Apesar de ter feito dois filmes em hindi (Satranj Ke Khilari e Sadgati, ambos baseados no escritor Premchand) e a popular série policialesca com o personagem infanto-juvenil Faluda – que, à maneira da produção industrial, utiliza-se de locações exóticas, Caxemira principalmente, como cenário para tramas que unem ação e comédia –, Satyajit Ray realiza a maioria de sua obra em bengali, independente dos estúdios e do star system indiano. Porém, se de início o cineasta é associado ao neo-realisto italiano, devido aos atores não profissionais e à filmagem em exteriores em A Canção da Estrada, o desenvolvimento posterior de sua carreira privilegia a influência do cinema clássico-narrativo americano. Satyajit Ray, de fato, é um contador de histórias que, assim como Bollywood e seus pares, usa enquanto matéria-prima os gêneros e a construção arquetípica de personagens estabelecidos por Hollywood. Desse modo, na trilogia de Apu tem-se o herói, herdado do melodrama, que precisa triunfar sobre as dificuldades impostas pelo abismo social que se lhe apresenta; em O Mundo de Apu, a estrutura do filme evolui do realismo social ao drama familiar, passando pela comédia de situações; em Três Mulheres, novamente, cada conto possui forma específica: neo-realista, fantástica e cômica romântica; e, nas três últimas obras do diretor – O Inimigo do Povo, Os Galhos da Árvore e O Estrangeiro –, existe o retorno ao drama familiar, agora concentrado nos interiores e nos diálogos e, como em A Casa e o Mundo, na estilização visual e no artificialismo da mise em scéne, que adota intensa movimentação de câmera, atuações que beiram à caricatura e falas que misturam bengali ao inglês.

À visão de A Sala de Música, torna-se evidente compará-lo a Sahib bibi aur ghulam, de Bollywood. Ambos se detêm na decadência da casta superior bengali, mas enquanto em A Sala de Música ela é observada pelo protagonista que integra a classe agonizante (como o Príncipe Salina de O Leopardo, ou o Tom Doniphon e O Homem que Matou o Fascínora), em Sahib bibi aur ghulam o herói se encontra no exterior, uma vez que se agrega à família citadina como simples empregado.

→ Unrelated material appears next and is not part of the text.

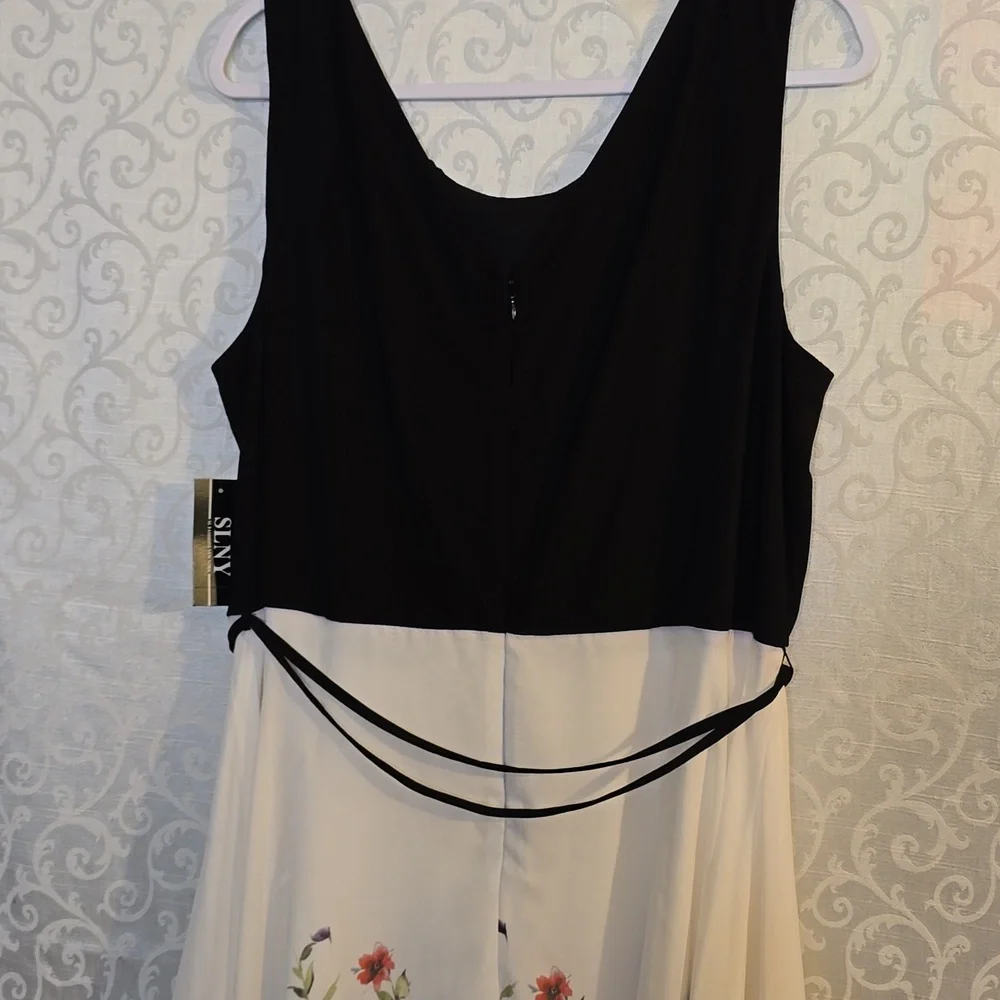 SLNY Black and White Floral Midi Dress - Picture 6 of 9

A diferença mais sensível dos filmes, contudo, está nos respectivos climas narrativos: se o de Abrar Alvi veste-se de romantismo e de nostalgia, o de Satyajit Ray é implacável ao expor a dissolução moral do personagem, que acaba punido com a morte da esposa e do filho, em função da soberba de, embora falido, organizar caríssimos espetáculos musicais, ao mesmo tempo em que os agricultores de seu feudo subsistem na miséria absoluta.

Dilemas éticos e morais são justamente o que separam Satyajit Ray de Bollywood e seus homônimos. Para o cineasta bengali, ao contrário do que ocorre nas produções comerciais, a narrativa se presta a investigar a crise de consciência que se abate sobre o indivíduo quando forçado a escolher qual a postura em relação aos acontecimentos da realidade (a casa e o mundo...). Em Satyajit Ray, há o certo e o errado, o preto e o branco, o bem e o mal, maniqueísmo que nasce e se desenvolve na compreensão e na ternura inigualáveis do diretor: a esposa que se divide entre o marido e o amante, entre a paz e a violência, em A Casa e o Mundo; a família que deve optar entre migrar para a cidade ou permanecer na terra dos antepassados em A Canção da Estrada; o pai que descobre a divisão dos filhos entre a honestidade e corrupção em Os Galhos da Árvore; o médico que se posiciona contra os interesses econômicos da cidade em O Inimigo do Povo; Apu, que deve ou não reconhecer o filho em O Mundo de Apu; o casal que desconfia do tio recém-chegado, temeroso de que ele reivindique a herança da família em O Estrangeiro.

Não ter assistido ao cinema ético e Satyajit Ray, como diz Akira Kurosawa, "significa existir no mundo sem ver o sol ou a lua".